The exhibition, The Doubled Frame: Interrogating Identity, attempts to trace the genealogy of our model and diorama collection exploring the various lenses through which Indians were viewed and were insidiously being taught to view themselves in the 18th, 19th and early 20th centuries. The model collection becomes an important and as yet undocumented extension of the ambitious and controversial project to capture in minute detail the people of India. British administrators constructed an archaeology of dominance through visual narratives that ossified and redefined caste and custom and soon Indians learnt to interpret themselves through similar tropes.

In tracing the connections between our models and the various documentary traditions which preceded them in the subcontinent, interesting discoveries have been unearthed which present clearly discernible influences of artists such as Raja Ravi Varma in the dioramas, The Court of Krishna and Sita in Ashokvan for eg.; or the similarities between our models of Indian communities and the paintings and sketches of Rao Bahadur Durandhar, an eminent Maharashtrian artist who went on to become the first Indian principal of the Sir J. J. School of Art, Mumbai. The new medium of photography also influenced the way community types were represented in the models and one can see, for e.g., the Parsi gentleman in our collection derives directly from the studio photograph of Parsis in William Johnson’s The Oriental Races and Tribes, Residents and Visitors of Bombay: A Series of Photographs with Letterpress Descriptions (1863-66).

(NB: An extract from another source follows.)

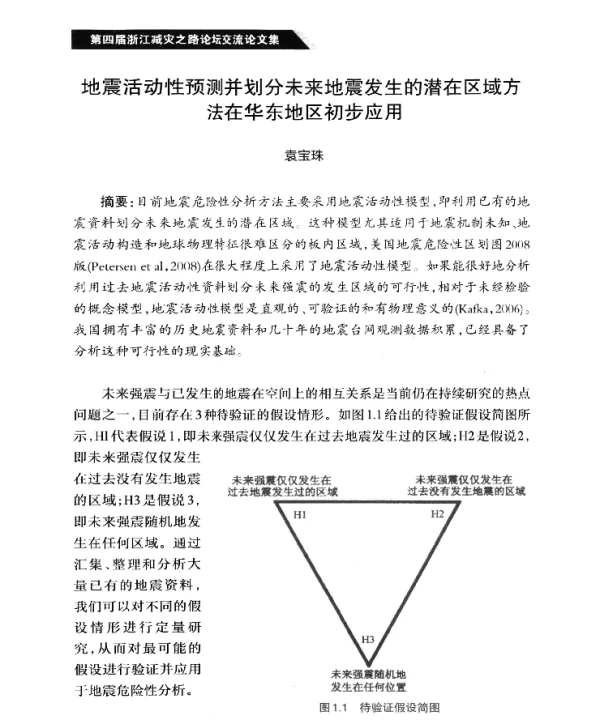 地震活动性预测并划分未来地震发生的潜在区域方法在华东地区初步应用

The title of this exhibition owes a debt to Dr. Homi Bhabha’s seminal text The Location of Culture (1994). In revisiting history to reflect on how identity shifts and mutates through political and social machinations and creates new visual characteristics and forms of representation, the past inscribes itself in the present, and helps us look afresh at who we are and how we might evolve.

Exhibition Credits
Curated by Tasneem Zakaria Mehta, Managing Trustee and Honorary Director.
Researched by Madhura Wairkar, Assistant Curator Collections and assisted by Ruta Waghmare.


Walkthrough with Curator

Curator Tasneem Zakaria Mehta conducted a public walk-through of the exhibition, reflecting on the representation of identity in the colonial documentation of the people of India in the 18th, 19th and early 20th centuries.
Date: Saturday, October 18, 2014


Public Tours

Free and open to all tours of the exhibition in English, Hindi and Marathi were conducted by the Museum’s curatorial team every Saturday and Sunday from September 19 – October 19, 2014.


Workshop for Schools & Private Groups

This workshop encouraged an exploration of the ways in which the people of India were documented in the 18th, 19th and 20th centuries. Turning their gaze to contemporary, urban Mumbai and recalling the popular People of India charts, participants aged 8 and above, drew, decorated and documented the people of the city as they see and encounter them today. Who are Mumbai’s people, and what are their occupations in the 21st century? Who would you show - a movie star, bus conductor, cricketer, dabbawalla or doctor? How would they dress and what props would they hold?

This workshop was offered to schools, for students aged 6 and above, on request throughout the duration of the exhibition.
An open to public session was conducted on Sunday, October 12, 2014.